Man, the ending of this book is perfect.
One last thing: NPR blurbs this book as “impressive and exciting.” Fuck you, NPR. Actually read the book and say something real about it if you’re gonna blurb it, Jesus. “Impressive and exciting” is what I said when my kid learned to climb the tall playground ladder. And even then I’m pretty sure I was more excited then NPR. God, imagining one of them saying that in their droll condescension. Our Wives Under The Sea is so much more than impressive and exciting. Even if it is both those things.
LINKS!
BEFORE WE DO ANYTHING ELSE LET’S WATCH SABRINA IONESCU HIT A BILLION THREES IN A ROW HOLY GOD IF YOU HAVEN’T SEEN THIS GLUE YOUR EYEBALLS TO THE SCREEN
New The Line Break podcast, where Bob and I had a hell of a lot of fun being in the same room. I feel like I’ve been trying my whole life to make my work “hanging out with my friends,” because I’ve always thought it’s bullshit that people grow up and don’t hang out with their friends anymore. I’m grateful that my house is on Bob’s List of Chicago Stops when he visits, and I’m grateful to have this podcast where we can hang out even when we’re miles apart. I’m also grateful to get the chance to talk about Alina Pleskova and Hoa Nguyen poems while my cat menaces birds.
Delightfully tangled flash from Joshua Jones Lofflin in Vast. One of those stories where the form is really working—the whole time, I’m panicking, because this monstrous mess has to resolve somehow with the next 100 words or so. And the way it does! Go read.
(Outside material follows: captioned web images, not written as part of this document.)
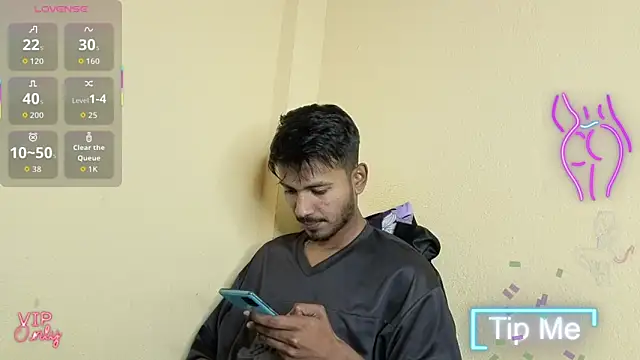 just fucks online show from February 7, 7:00 pm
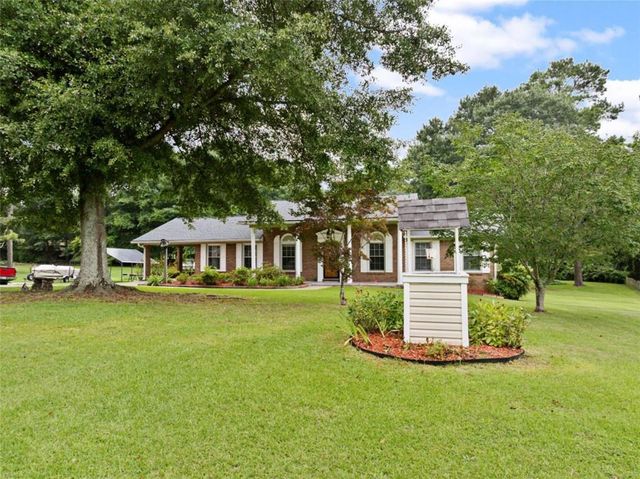 576 Reeceburg Road SE, Silver Creek, GA 30173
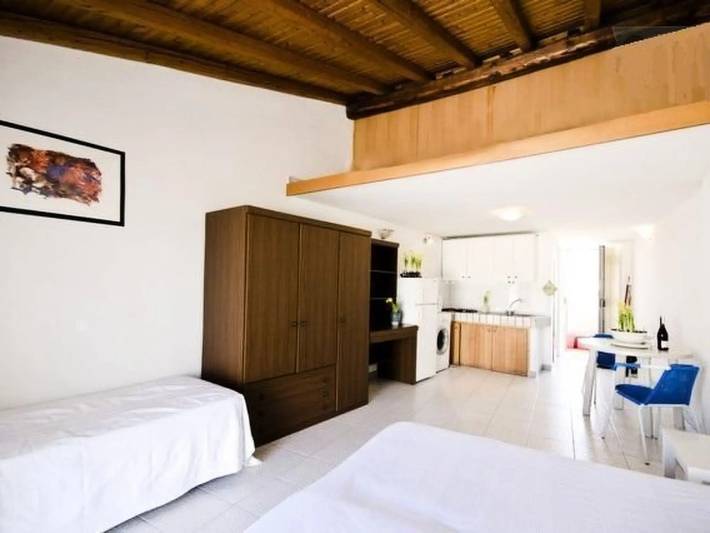 Apartamento entero, 3 estancias 4 Personas in Schisò, Giardini-Naxos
I have not read any Hernan Diaz, but I enjoyed this interview. “If ever I find myself on the page, I view it as an immense failure” is a wonderful sentiment. One of my biggest pet peeves is seeing THE WRITER in the work, not in the postmodern, Vonnegut-in-Breakfast of Champions sense, but more like this vague sense that the writer is working some personal out on the page. Then again, I love when writers are in their bag, celebrating their passions. So maybe I’m not as hardline as Diaz. Still: good interview.
Old piece from Mental Floss, but it came across the Twitter TL, and I’m not gonna not put “15 Mysterious Facts About Yetis” in a Friday Links.
H/T to Matt Bell, aka , for tweeting about this Charles Finch essay right as I was thinking “hey, I should finish tomorrow’s column.” The essay is about plotting mystery novels, but the money quote for me is on the importance of preparation and ritual: “I start by writing a brief, extremely dull short story. No one will ever see one of these if I can conceivably prevent it; it’s usually only about three pages, but I refine it for weeks, as carefully as Rudy Giuliani mixing his old fashioned before he Skypes in to Hannity, because, like Rudy, I’m focused on doing a crime. Specifically, that small story contains a full, straightforward account of the case my detective must solve, told in simple English…in short, all the details I know I’ll have to omit from the real book I write, the actual mystery novel.”
Been on an Anderson .Paak kick lately. In whatever passes for liner notes on Apple Music, Anderson says he wasn’t sure André 3000 wouldn’t get around to recording his verse. Fair assumption for latter-day André, but it got me wondering: when you send a track to Three Stacks, do you get a guitar solo whether or not you asked for it? If yes, well—someone give André my contact info.